Everybody and their grandma is now a “Growth Hacker”, a term originally coined to describe marketers who use unconventional approaches and measure their effectiveness with analytics instead of gut feelings. In fact, apparently everyone who uses multiple marketing channels is now a “growth hacker”.
As someone who is on the other side of the table, looking to hire someone to drive growth to his business, I have a newsflash for you – nobody cares about the exact classification and semantics of your title.
What Growth Hacking Means To Startups
Startups are designed for growth. Not every company needs to grow fast – most businesses don’t. Startups use technology to achieve scale rapidly – that is the most common definition of what a startup is.
As such, traditional marketing – while very important and required, is typically not enough. That means that in order for a startup to achieve its goals, a different distribution approach is often required. Enter, Growth Hacking.
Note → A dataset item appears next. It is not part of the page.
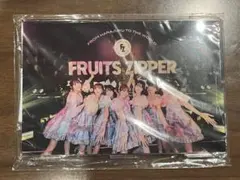 美品 FRUITS ZIPPER アクリルスタンド 横18cm×縦12cm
As such, growth hacking is not
- Using A/B testing (I’ve recently seen A/B startups actually market themselves as “Growth Hacking” tools). A/B testing is a basic tool in the arsenal of a digital marketer to optimize the messaging and design for conversions.
- Using multiple marketing channels. Using multiple channels is the *core* of marketing. You can be a specialist, such as an SEO or PPC guy, but marketing as an activity involves multiple channels. That is nothing new or a hack.
- Talking to customers and doing user research. Yet another tool, but not a *hack* – it’s just common sense.
- Throwing massive resources at a problem to drive growth (i.e, Groupon style). That is called “brute-forcing”.
For me, Growth hacking is about finding ways to drive growth that require creativity as they are not immediately apparent or accessible, and deliver unproportional results (i.e, growth) to the resources allocated. It does not cover the conventional methods (more ads, more landing pages, more PR statements, more blog posts, more sales people) – those are effective, but scale linearly with time and cost investment for the most part.
The origin of the word “hack” in software engineering typically refers to two things –
- Gaining unauthorized access to computer systems / data
- Developing an effective if somewhat inelegant solution to an (engineering) problem (it ain’t pretty, but it works).
The first definition is obviously not relevant here, so when talking about “growth hacking” we mean the second. I don’t care what tools you use or how you get your results, but if they lead to large, repeatable growth – that’s growth hacking.
Growth hacking by example
When I think of “growth hacking”, a couple of instances quickly come into mind, which I think are representative of what people are looking for when they hire for the role:
AirBnB and Craigslist
Probably the most well known, successful growth hack. AirBnB used scraping and bots to automatically message property owners, impersonating as interested customers while recommending AirBnB in a natural looking way (at least, to the untrained eye). This approach helped them build their initial inventory, which is crucial for a marketplace.
This is the very definition of a growth hack. It’s not about creating landing page and A/B testing them (though I’m sure that played a role in there somewhere), or putting more ads or doing more SEO. It’s a hack – gaming a system using automated scripts in a way that it wasn’t designed for.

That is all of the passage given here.